- _WORK INSTRUCTION_
The complete listing that follows is to be set down again, exactly as it appears.

- _RAW DATA_
────────────────────────────────────────

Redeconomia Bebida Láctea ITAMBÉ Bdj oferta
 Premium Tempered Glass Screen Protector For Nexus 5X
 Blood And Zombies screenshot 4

────────────────────────────────────────

- _REPLY_
Redeconomia Bebida Láctea ITAMBÉ Bdj oferta
 Premium Tempered Glass Screen Protector For Nexus 5X
 Blood And Zombies screenshot 4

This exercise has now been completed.